Dating: For less than memorable dates, next meetings are tricky
That guy over there -- the one perusing the produce at Safeway -- looks familiar. A friend of a friend? An old classmate? Wait: Have we been on a date?
With Washington's interconnected social and professional circles, running into someone you've dated can be more than a bit awkward. Especially when one, or both, of you don't remember each other.
Dating expert Evan Marc Katz, 37, says such re-meetings are common among urban daters. "When you're talking about 100 dates over five years, it's sort of not surprising." If you're dating frequently and you didn't go on more than one date -- and nothing memorable happened -- dates can tend to blend in, Katz says.

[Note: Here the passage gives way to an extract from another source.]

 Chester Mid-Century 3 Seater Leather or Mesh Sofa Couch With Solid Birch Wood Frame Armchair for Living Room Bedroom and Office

In fact, Katz's best friend found himself in such a situation. It took those daters about 30 minutes into their second date -- years removed -- to realize that they'd been out before.

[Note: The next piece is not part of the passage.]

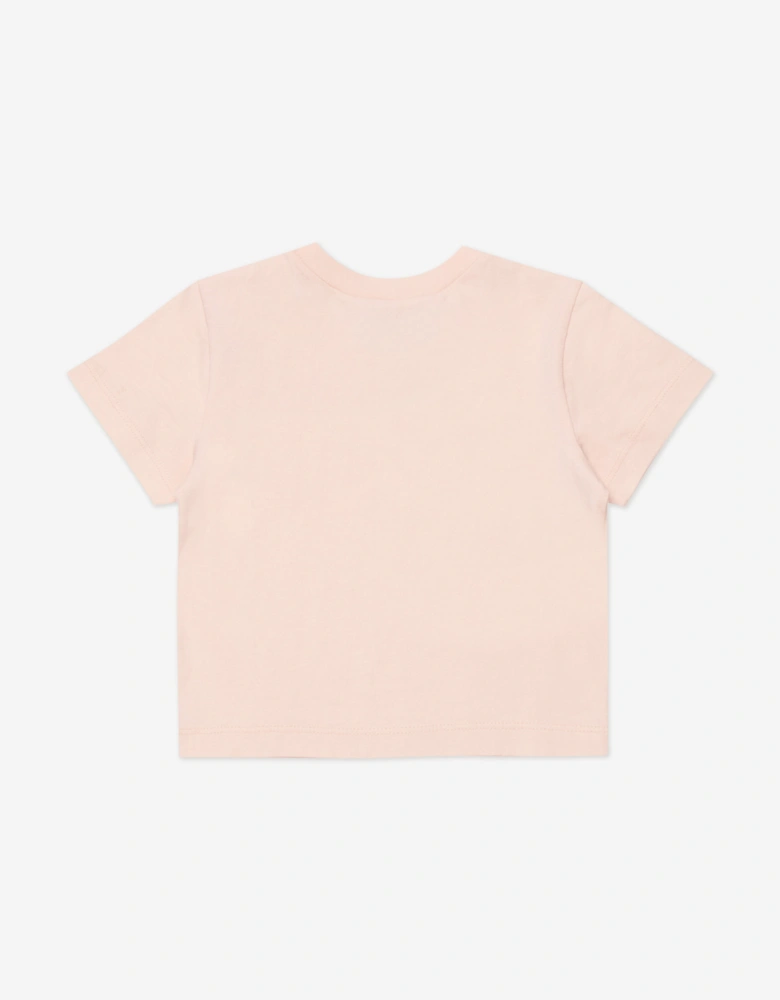 Baby Girls Flower Logo T-Shirt in Pink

Katz likens such a meeting to running into someone familiar at a party and trying to figure out how you know each other.
"You just gotta try to get a good laugh out of it; what else can you do?" he says.

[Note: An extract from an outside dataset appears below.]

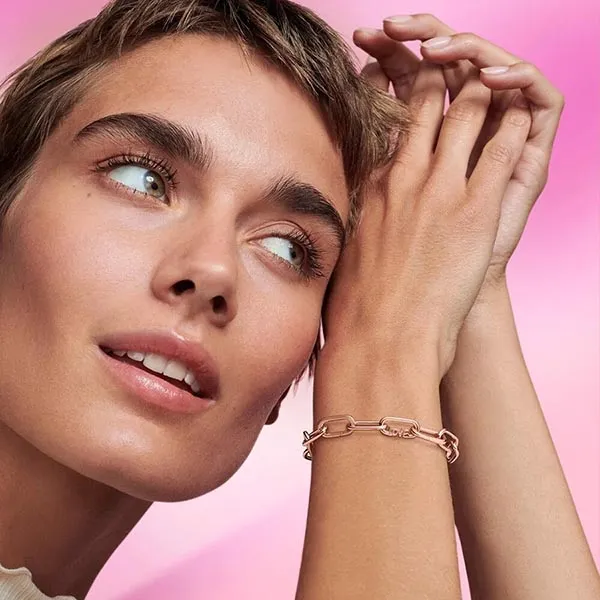 Hạt Vòng Charm Pandora Me Styling Love Word Link 789686C00 Màu Vàng Hồng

Andrea Latta, 26, had gone out for drinks with a guy; they'd had a good time and texted occasionally, but their travel schedules kept them from a follow-up date. One night, about three months after their first date, she got a text from him, inviting her to join him at a bar in Arlington.
But when she showed up and said hello, he didn't seem to recognize her -- or their plans to meet up.
"He said 'hi' as if you'd say to someone squeezing in at the bar and then turned away," Latta says. "I don't know if he thought I was someone else, if he had mixed me up with some other girl in his phone."
Latta decided not to "out" him, a move that D.C. style consultant Celena Gill says is smart. The best way to handle such a situation, she says, is to give the other person a subtle opening.
Simply say: "Haven't we met before?" With enough conversation, the other person might figure it out. But if not, don't dwell: Keep the conversation moving, she advises.
"If you had a bad experience, you don't want them to ask you out again," Gill cautions. "Skip it, leave it in the past."